It is possible for advanced users to eke out additional performance by tuning
the layout (and model) further. Mesh TensorFlow helps by accumulating and
printing counters of computation/communication. To start, here are some
tricks/guidelines.

* It is illegal for two dimensions of the same tensor to be split across the
same mesh dimension.
* For any compute-intense operation (e.g. einsum), make sure that all
mesh-dimensions are used to split dimensions of the inputs or outputs.
Otherwise, computation is duplicated.
* To keep the ratio of compute/communication high (i.e. not be bandwidth-bound),
split dimensions into large chunks. This should be familiar in the
data-parallelism case, where we want a large batch size per processor to avoid
spending most of our time communicating.

# The Mesh TensorFlow Language

Mesh TensorFlow (v0.0) is implemented as a Python library which can generate
part of a TensorFlow graph. The user first builds a `mtf.Graph` (the analog of
a TensorFlow graph) made up of `mtf.Tensor`s and `mtf.Operation`s. As in
TensorFlow, this graph consists of simple Python objects. The user then creates
a `mtf.Lowering` object, which lowers the `mtf.Graph` into TensorFlow, adding to
the default TensorFlow graph.

The Mesh TensorFlow language is nearly identical to TensorFlow, with the
familiar notion of a Graph, Tensors, Operations, and automatic gradient
computation. The principal differences are as follows:

## Meshes replace devices

A `Mesh` is a n-dimensional array of processors with named dimensions. Each
`Tensor` is assigned to a `Mesh`, instead of a device.
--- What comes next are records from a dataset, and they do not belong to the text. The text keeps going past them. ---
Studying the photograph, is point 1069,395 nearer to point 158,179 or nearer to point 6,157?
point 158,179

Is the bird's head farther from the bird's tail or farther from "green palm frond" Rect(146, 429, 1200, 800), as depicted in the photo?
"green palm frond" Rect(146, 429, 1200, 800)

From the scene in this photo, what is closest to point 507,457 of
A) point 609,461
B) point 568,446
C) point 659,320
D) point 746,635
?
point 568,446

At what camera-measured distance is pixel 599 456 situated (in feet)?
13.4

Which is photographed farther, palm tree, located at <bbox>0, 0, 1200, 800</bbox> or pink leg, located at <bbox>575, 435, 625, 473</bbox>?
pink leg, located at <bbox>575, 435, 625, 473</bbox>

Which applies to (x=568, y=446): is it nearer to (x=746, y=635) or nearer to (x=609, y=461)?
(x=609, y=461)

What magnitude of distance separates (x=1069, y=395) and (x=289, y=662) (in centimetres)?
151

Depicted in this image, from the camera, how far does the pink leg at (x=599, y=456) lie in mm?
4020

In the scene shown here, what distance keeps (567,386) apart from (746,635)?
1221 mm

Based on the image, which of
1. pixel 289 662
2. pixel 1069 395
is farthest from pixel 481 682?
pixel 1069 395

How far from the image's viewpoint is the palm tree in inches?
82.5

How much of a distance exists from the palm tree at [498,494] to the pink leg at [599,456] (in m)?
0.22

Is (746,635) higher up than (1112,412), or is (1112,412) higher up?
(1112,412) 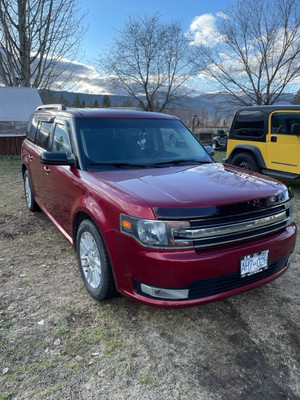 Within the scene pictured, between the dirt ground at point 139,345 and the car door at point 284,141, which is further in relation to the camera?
the car door at point 284,141

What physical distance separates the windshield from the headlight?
111cm

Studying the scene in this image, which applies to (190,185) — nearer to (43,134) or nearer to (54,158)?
(54,158)

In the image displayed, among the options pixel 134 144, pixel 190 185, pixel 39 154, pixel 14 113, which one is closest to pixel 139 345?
pixel 190 185

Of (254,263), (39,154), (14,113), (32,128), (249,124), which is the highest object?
(14,113)

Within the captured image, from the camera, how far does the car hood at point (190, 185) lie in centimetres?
222

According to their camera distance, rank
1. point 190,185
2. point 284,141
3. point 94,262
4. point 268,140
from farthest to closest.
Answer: point 268,140 < point 284,141 < point 94,262 < point 190,185

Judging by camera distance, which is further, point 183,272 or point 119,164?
point 119,164

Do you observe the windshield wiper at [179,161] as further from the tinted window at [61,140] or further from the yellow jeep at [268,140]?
the yellow jeep at [268,140]

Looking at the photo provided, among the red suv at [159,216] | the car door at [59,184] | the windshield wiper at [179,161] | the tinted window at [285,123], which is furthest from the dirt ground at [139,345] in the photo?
the tinted window at [285,123]

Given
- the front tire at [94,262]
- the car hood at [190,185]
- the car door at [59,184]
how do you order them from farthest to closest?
the car door at [59,184] → the front tire at [94,262] → the car hood at [190,185]

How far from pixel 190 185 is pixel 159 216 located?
1.81 ft

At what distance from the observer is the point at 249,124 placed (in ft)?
25.8

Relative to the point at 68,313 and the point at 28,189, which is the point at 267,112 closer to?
the point at 28,189

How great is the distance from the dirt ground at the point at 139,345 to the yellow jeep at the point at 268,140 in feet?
13.9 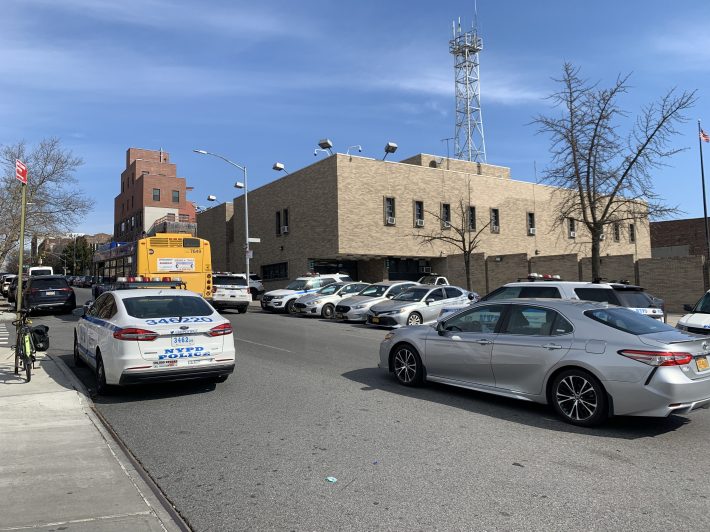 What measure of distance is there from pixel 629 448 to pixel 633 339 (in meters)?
1.22

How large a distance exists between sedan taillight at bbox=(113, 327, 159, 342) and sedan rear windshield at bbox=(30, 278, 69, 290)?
17942 millimetres

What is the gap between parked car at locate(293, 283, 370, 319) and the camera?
23.0m

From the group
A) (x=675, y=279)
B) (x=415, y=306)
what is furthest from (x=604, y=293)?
(x=675, y=279)

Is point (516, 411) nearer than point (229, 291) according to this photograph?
Yes

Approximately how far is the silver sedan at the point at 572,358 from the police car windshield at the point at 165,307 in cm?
338

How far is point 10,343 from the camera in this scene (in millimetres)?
13656

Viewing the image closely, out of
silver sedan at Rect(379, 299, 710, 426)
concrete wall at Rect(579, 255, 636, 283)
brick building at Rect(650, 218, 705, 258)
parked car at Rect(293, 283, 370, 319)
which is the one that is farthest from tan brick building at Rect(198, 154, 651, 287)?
silver sedan at Rect(379, 299, 710, 426)

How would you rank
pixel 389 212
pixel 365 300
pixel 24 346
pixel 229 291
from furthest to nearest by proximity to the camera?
pixel 389 212, pixel 229 291, pixel 365 300, pixel 24 346

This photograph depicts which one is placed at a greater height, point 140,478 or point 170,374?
point 170,374

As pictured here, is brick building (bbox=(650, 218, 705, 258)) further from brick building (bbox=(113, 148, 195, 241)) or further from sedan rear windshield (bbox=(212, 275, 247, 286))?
brick building (bbox=(113, 148, 195, 241))

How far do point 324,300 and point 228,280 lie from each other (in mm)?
4600

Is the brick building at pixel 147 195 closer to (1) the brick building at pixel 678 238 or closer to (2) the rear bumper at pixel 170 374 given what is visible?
(1) the brick building at pixel 678 238

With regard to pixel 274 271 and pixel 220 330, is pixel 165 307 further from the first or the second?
pixel 274 271

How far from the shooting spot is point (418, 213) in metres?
37.9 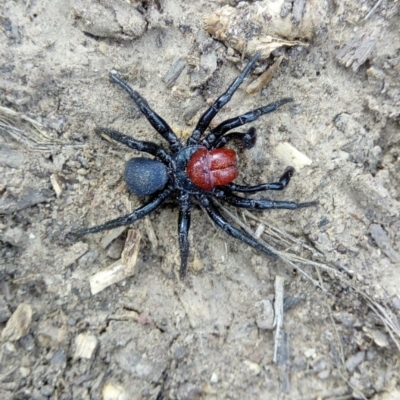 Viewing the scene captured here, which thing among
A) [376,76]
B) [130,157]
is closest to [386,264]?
[376,76]

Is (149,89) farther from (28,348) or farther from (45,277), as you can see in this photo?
(28,348)

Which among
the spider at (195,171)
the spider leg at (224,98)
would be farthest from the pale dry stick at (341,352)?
the spider leg at (224,98)

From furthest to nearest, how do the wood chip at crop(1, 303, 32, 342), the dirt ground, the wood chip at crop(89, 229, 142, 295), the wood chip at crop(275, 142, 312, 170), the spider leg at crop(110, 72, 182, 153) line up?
the wood chip at crop(275, 142, 312, 170) < the spider leg at crop(110, 72, 182, 153) < the wood chip at crop(89, 229, 142, 295) < the dirt ground < the wood chip at crop(1, 303, 32, 342)

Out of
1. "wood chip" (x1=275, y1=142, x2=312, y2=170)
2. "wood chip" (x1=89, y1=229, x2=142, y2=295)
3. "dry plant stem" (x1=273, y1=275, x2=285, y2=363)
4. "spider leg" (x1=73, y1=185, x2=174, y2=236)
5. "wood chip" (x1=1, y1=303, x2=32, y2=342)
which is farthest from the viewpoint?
"wood chip" (x1=275, y1=142, x2=312, y2=170)

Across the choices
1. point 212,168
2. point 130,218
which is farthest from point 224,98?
point 130,218

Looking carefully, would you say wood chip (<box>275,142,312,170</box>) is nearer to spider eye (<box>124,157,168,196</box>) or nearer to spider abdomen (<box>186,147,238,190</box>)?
spider abdomen (<box>186,147,238,190</box>)

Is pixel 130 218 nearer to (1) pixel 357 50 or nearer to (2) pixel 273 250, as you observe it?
(2) pixel 273 250

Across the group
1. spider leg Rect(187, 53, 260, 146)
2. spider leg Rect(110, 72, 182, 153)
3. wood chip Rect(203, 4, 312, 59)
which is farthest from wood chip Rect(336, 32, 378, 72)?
spider leg Rect(110, 72, 182, 153)

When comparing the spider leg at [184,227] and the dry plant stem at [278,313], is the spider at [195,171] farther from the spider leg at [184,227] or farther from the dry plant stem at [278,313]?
the dry plant stem at [278,313] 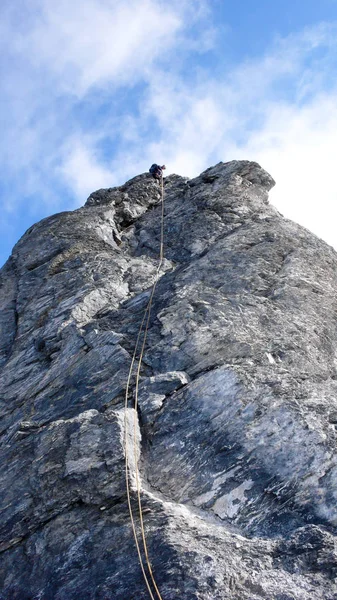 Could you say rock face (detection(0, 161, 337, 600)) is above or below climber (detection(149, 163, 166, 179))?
below

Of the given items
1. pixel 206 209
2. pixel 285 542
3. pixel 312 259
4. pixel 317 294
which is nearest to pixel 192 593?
pixel 285 542

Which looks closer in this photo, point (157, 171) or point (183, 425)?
point (183, 425)

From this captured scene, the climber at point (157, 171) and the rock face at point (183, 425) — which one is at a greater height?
the climber at point (157, 171)

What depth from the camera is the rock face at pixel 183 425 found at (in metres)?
8.26

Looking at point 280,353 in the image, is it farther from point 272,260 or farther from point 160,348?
point 272,260

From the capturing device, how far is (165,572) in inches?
313

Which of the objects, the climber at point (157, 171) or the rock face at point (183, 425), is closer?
the rock face at point (183, 425)

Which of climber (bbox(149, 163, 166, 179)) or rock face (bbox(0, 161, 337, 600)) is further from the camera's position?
climber (bbox(149, 163, 166, 179))

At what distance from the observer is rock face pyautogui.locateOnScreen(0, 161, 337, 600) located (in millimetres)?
8258

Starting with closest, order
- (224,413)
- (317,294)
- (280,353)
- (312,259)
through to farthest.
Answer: (224,413)
(280,353)
(317,294)
(312,259)

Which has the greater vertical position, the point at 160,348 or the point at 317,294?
the point at 160,348

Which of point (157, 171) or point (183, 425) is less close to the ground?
point (157, 171)

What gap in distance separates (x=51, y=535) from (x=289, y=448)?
375 centimetres

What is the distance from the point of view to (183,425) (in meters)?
10.1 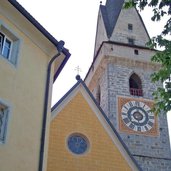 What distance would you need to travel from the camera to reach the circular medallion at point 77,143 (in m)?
14.3

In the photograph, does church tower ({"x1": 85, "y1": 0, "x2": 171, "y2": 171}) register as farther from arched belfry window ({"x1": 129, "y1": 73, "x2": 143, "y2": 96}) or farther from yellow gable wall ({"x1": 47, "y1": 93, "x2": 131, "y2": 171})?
yellow gable wall ({"x1": 47, "y1": 93, "x2": 131, "y2": 171})

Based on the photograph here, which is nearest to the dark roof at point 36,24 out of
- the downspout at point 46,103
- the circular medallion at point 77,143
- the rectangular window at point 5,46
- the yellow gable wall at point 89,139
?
the downspout at point 46,103

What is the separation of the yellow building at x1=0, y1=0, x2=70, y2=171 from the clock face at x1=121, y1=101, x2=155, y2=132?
35.8 ft

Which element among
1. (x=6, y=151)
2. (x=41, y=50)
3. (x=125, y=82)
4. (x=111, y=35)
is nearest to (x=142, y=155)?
(x=125, y=82)

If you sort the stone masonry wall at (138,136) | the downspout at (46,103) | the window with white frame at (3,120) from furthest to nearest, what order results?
the stone masonry wall at (138,136)
the downspout at (46,103)
the window with white frame at (3,120)

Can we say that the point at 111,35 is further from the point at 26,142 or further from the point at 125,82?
the point at 26,142

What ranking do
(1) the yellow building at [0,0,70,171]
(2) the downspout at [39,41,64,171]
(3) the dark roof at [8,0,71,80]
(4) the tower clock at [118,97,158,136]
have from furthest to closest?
(4) the tower clock at [118,97,158,136]
(3) the dark roof at [8,0,71,80]
(2) the downspout at [39,41,64,171]
(1) the yellow building at [0,0,70,171]

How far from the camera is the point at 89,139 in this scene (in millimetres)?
14625

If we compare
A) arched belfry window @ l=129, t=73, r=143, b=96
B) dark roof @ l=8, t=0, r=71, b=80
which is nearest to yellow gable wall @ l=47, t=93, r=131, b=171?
dark roof @ l=8, t=0, r=71, b=80

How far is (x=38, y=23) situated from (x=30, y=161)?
3.49 m

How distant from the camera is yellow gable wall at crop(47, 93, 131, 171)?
13.8 metres

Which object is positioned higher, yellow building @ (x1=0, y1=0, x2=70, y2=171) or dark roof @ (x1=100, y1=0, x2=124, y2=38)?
dark roof @ (x1=100, y1=0, x2=124, y2=38)

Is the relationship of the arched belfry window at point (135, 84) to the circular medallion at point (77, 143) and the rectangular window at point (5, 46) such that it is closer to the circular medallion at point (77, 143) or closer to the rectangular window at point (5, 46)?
the circular medallion at point (77, 143)

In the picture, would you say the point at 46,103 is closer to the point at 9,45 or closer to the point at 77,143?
the point at 9,45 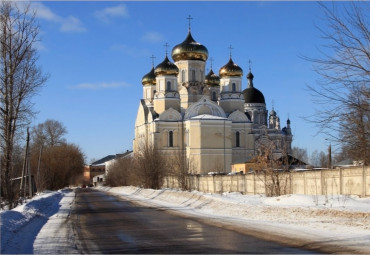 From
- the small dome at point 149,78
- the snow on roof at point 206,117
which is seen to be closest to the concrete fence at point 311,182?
the snow on roof at point 206,117

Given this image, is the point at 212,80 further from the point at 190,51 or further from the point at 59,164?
the point at 59,164

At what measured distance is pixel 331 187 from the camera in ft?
81.5

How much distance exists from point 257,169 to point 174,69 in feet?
151

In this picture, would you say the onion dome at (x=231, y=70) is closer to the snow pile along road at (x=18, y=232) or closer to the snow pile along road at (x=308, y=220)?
the snow pile along road at (x=308, y=220)

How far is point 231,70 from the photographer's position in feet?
257

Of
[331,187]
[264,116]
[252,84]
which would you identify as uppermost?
[252,84]

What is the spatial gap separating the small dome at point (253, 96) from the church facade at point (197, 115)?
1854 cm

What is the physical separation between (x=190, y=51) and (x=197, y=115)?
9745mm

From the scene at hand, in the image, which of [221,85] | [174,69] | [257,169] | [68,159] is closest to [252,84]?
[221,85]

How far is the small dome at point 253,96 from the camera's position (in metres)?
100

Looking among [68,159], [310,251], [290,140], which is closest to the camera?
[310,251]

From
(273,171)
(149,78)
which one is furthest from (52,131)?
(273,171)

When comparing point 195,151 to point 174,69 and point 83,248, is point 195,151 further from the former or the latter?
point 83,248

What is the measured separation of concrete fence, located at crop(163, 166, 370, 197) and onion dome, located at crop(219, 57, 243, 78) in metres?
40.6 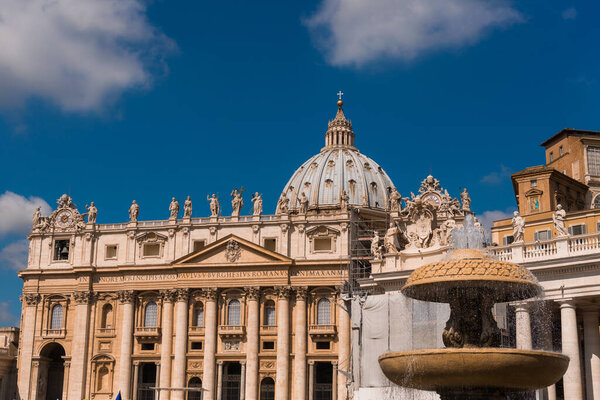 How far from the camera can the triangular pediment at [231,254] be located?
75812mm

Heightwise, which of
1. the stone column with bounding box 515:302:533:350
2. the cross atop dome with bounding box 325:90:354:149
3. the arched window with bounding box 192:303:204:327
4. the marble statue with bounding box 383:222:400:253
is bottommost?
the stone column with bounding box 515:302:533:350

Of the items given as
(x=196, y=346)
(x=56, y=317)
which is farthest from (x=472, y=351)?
(x=56, y=317)

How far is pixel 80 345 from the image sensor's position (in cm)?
7869

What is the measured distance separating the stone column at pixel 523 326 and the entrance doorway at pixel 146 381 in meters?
50.7

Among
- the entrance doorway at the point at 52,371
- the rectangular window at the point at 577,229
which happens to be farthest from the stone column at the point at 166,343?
the rectangular window at the point at 577,229

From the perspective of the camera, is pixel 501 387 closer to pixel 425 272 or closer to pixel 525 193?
pixel 425 272

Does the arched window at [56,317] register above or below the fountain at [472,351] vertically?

## Tensor dimensions are named

Each `Tensor` has a static `Shape`, which is a tuple of different "Dimensions".
A `Dimension` is a `(name, size)` pair. For example, the shape of a `Tensor`
representing a batch of images might be:

`[("batch", 100), ("rows", 28"), ("cols", 28), ("channels", 3)]`.

## Layouts

A `Tensor` is laid out on its mesh with one slice on each processor. A `Tensor`
"layout", is an injective partial map specifying which dimensions of the tensor
are (evenly) split across which dimensions of the mesh. No dimension of a
tensor may be split across two dimensions of its mesh and no two dimensions of a
tensor may be split across the same dimension of its mesh. The user defines a
global set of layout rules in the form of (tensor-dimension-name,
mesh-dimension-name) pairs. A dimension of a tensor is split across a dimension
of its mesh if there is a matching rule.

### Example Layouts

Take our example `Tensor` `image_batch` with shape:
`[("batch", 100), ("rows", 28"), ("cols", 28), ("channels", 3)]`

Assume that this `Tensor` is assigned to a mesh of 8 processors with shape:
`[("processor_rows", 2), ("processor_cols", 4)]`

* If we use an empty set of layout rules `[]`, we get no splitting. Each
processor contains the whole `Tensor`.

* If we use the layout rules `"batch:processor_cols"`, then the `"batch"`
dimension of the `Tensor` is split across the `"processor_cols"` dimension of
the batch. This means that each processor contains a Tensor slice with shape
`[25, 28, 28, 3]`. For example, processors (0, 3) and (1, 3) contain
identical slices - `image_batch[75:100, :, :, :]`.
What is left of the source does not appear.